3 Best Practices for Next-Phase Recognition
By optimizing your program structure and aligning your recognition ecosystem with best practices, you will ensure you’re getting the biggest return on your investment over the long term.
We’ve developed a three-step process to easily identify some of your opportunities, both in your program design and your surrounding recognition culture.
Practice 1: Update recognition goals and KPIs
Now that you’ve been driving your recognition system for a while, it’s a good time to fine-tune your goals, metrics, and expectations from the platform.
Revisit the KPIs and goals you are tracking to measure your program’s success. Most companies track stats like engagement, turnover, and employee satisfaction concurrently with recognition reach and adoption. Consider mapping recognition efforts to your evolving set of metrics to match business objectives. This will give you a great story to tell and offer more insight into the long-reaching benefits provided by your culture of appreciation.
Here are a few questions worth applying to your data:
Is recognition helping people in your workplace to feel included?
Recognition is an ideal place to find data that reflects your culture in real time. Track important DE&I metrics such as perceptions of belonging, inclusion, and equity against recognition data to measure the broader impact of recognition and gratitude on your employees.
Can recognition help you pursue your environmental, social, and governance goals?
Use data from recognition awards and Community Celebrations® to better gauge your ESG efforts’ success and encourage wider adoption and interest.
Is your recognition program providing a better employee experience?
Align recognition numbers with pulse survey results for a clearer picture of the influence of recognition and appreciation on your overall employee experience.
How can recognition ease post-pandemic organizational change?
If your organization is returning to the workplace or maintaining a long-term dispersed workgroup, recognition can be a way to make that adjustment easier and build stronger dispersed teams. Use awards to ease change and combat isolation, and use recognition data to monitor and measure cultural health.
Can you use recognition to ease upcoming mergers, acquisitions, growth, or other operational or culture goals?
Use recognition, Community Celebrations, and Team Awards to prepare your employees for upcoming company growth or changes. Then assess the impact of those changes by looking at data trends and patterns.
Practice 2: Advanced application for recognition data
Your recognition program delivers a treasure trove of data that is otherwise impossible to get at. How people recognize and congratulate one another tells you how they feel, how they interact, and what they value – incredible insights that cannot be easily obtained from any other sources. Be sure you are getting the maximum return on your investment by leveraging this unique dataset in every way possible.

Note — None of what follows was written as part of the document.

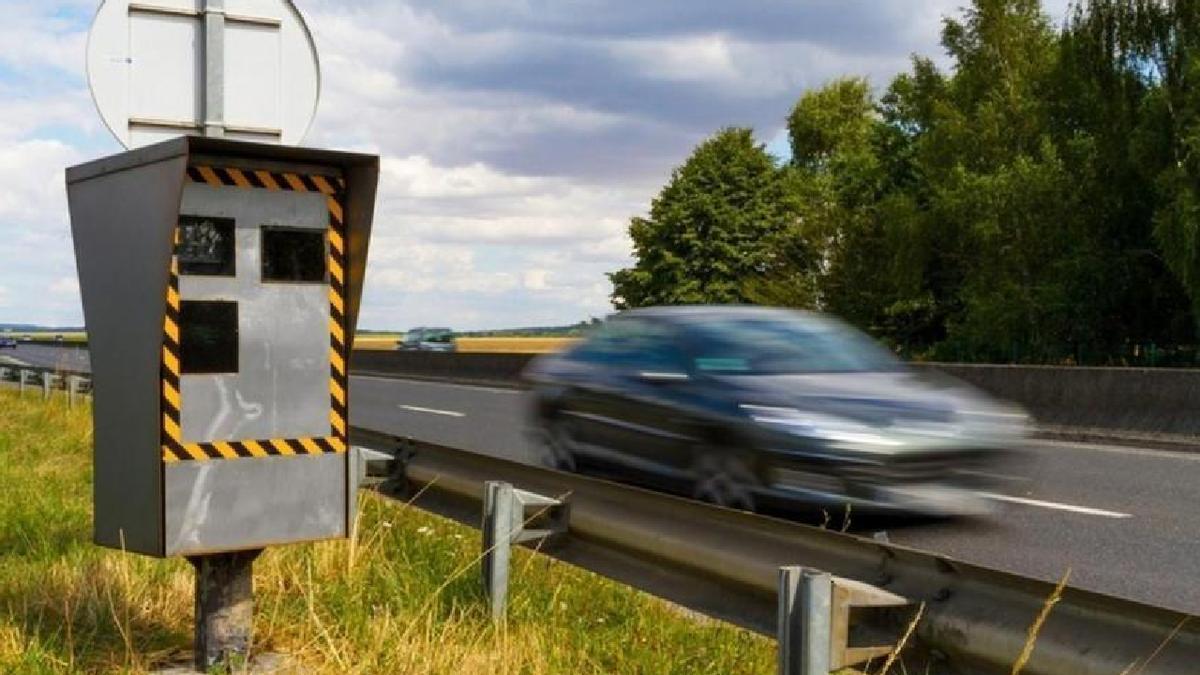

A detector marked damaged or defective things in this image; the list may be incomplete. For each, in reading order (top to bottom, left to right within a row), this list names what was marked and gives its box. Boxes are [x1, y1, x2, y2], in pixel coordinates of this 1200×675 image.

rusty pole base [187, 550, 262, 667]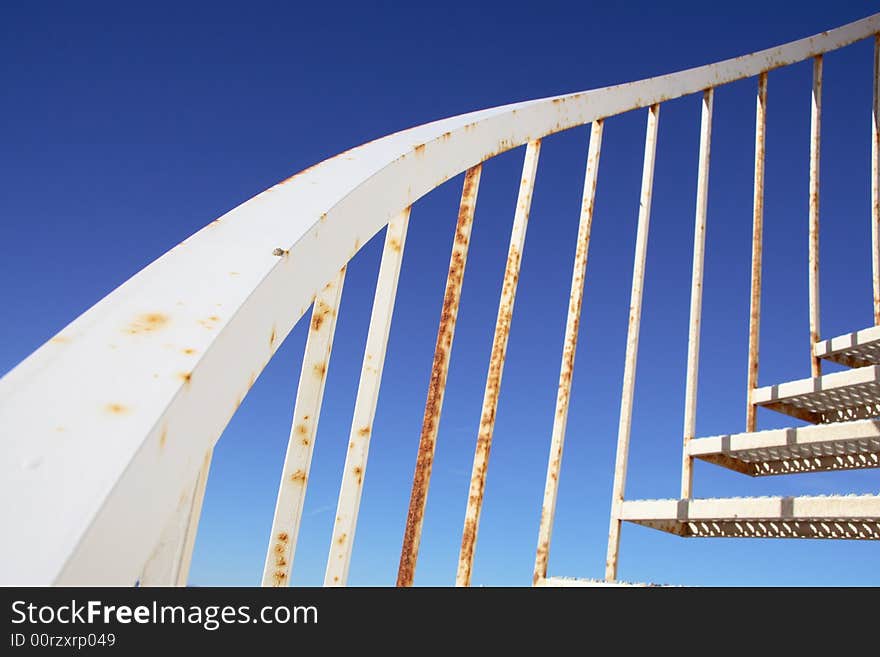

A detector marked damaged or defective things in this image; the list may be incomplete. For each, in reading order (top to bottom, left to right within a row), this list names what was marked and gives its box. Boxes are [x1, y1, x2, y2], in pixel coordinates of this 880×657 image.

Export recognition data to add context to people dashboards.
Correlate things like recognition reach, frequency, and patterns with other human resources and operational KPIs to understand the influence of recognition on the metrics your company values most.
Use Workhuman data to track progress and report to stakeholders.
Recognition data is a good way to visualize behavior, relationships, and sentiment, allowing you to quantify data that is otherwise difficult to get, such as belonging, support for core values, and cross-team affinity. This data can be used for reporting to internal and external stakeholders such as your board, new SEC DE&I requirements, and annual reports.
Implement new programs based on recognition data.
Because it is so unique, recognition data can form the basis for entirely new programs or initiatives within your organization. Use peer-to-peer recognition data to identify high-potential employees for development. Use recognition award data to pioneer and track crowdsourced, performance based pay programs. Use recognition data and Community Celebrations to understand the experience of intersectional groups within your company and to better meet their needs. The options here are boundless.
Practice 3: Workhuman as a tool for culture management
A seasoned recognition and appreciation platform is also a nuanced tool for culture management. Here are some ways advanced program managers can link recognition practices and data to outcomes and use the Workhuman Cloud® as a lever for culture change.
Underscore new goals and objectives.
Whatever your company’s trajectory, you can use recognition to emphasize and reinforce critical values and areas of the business. This includes establishing new reward reasons for key company rallying cries, new core values, or shared long-term objectives.
Identify and triage emerging problems.
Recognition can be an early warning sign for cultural rumblings or growing morale issues. It can also help you identify at-risk groups or individuals who are isolated or left out of affinity groups.
Ease change management and growing pains.
The success of change management initiatives often comes down to getting linchpin employees on board. These high-impact employees are influential in many areas of your culture, pulling people together and getting them on board with change. Use recognition data to understand who they are to target them with education on upcoming change initiatives. Then use Team Awards to recognize teams at scale and reinforce these shared experiences.
Deepen organizational loyalty and connection.
Recognition is also a powerful way to boost feelings of corporate affinity and in-group identity. Establish everyone-to everyone recognition to promote inclusion across the organization and see how recognition illuminates strengths and weaknesses in your cultural fabric.
Celebrate lives and reinforce employee connections with Life Events® and Service Milestones® – reinforcing in-group membership at crucial, personal moments of reflection. Consider if you should expand your reward options – a higher degree of choice and customization in rewards can have a more prolonged impact on organizational affinity, as employees feel more “seen” as individuals.